Aluminum house
Toyo Ito – Aluminum House – Aluminum House in Sakurajosui – Setagaya-ku, Tokyo Japan, 1997-2000
Year
1997 - 2000
Architect
Toyo Ito
The "Aluminum House" was Ito's first project, completed in 1971, when he was 31 years old. It is incredible that even 50 years ago Ito attempted to collide the futuristic industrial material (aluminum) with our rustic heritage (the cabin or silo-like house design). When this house was conceived, Tokyo was in the midst of a rapid and frenetic transformation from a pre-modern, paternal-authoritarian society to one of the most engineered and "science fiction"-looking cities in the world.
Ito chose aluminum as the most "organic" option among the artificial/industrial materials that dominated the big cities in the 70s. Downtown Tokyo was literally becoming a concrete jungle. Compared to concrete or steel that is vigorous, overwhelming and irreversible, aluminum retains a certain fluidity or dualism that compares to an organic material. It is changeable/modifiable because it is light, elastic and conductive. Depending on how it is processed, it can appear shiny or opaque, it can become hot or cold, it can be reflective or transformed to be semi-opaque.

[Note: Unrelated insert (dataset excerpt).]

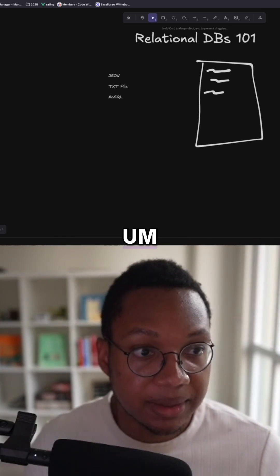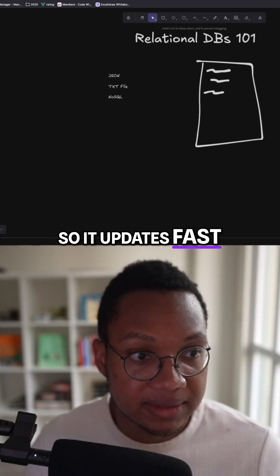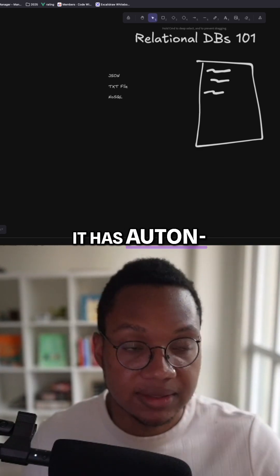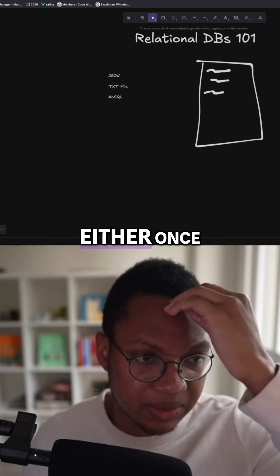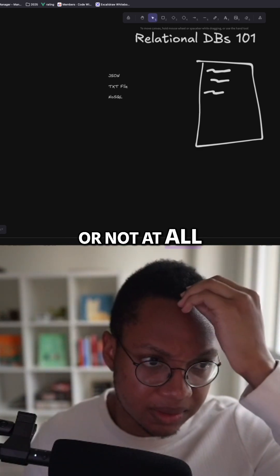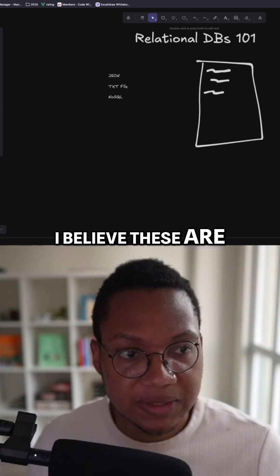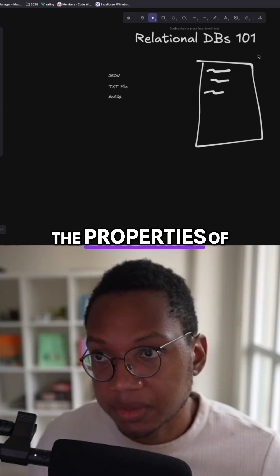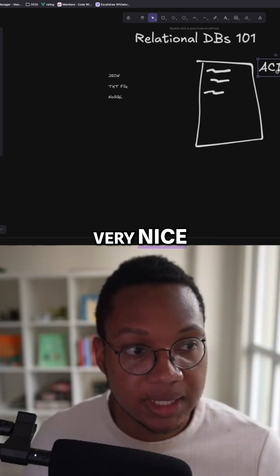It has isolation, so if tons of people are grabbing data at the same time, things don't break. It's consistent, so it updates fast. It has atomicity — things happen either once or not at all. These are all the properties of a relational database, and they're all very nice.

If nothing can stop the rapid modernization driven by ever-evolving technology, how can humans react? How will our bodies, our senses, our mindset, and the long-standing heritage stored in our genes fit into a predominantly inorganic, static, and non-interactive environment? The Aluminum Hut was an experiment in finding a way to live “organically” in an increasingly inhuman society.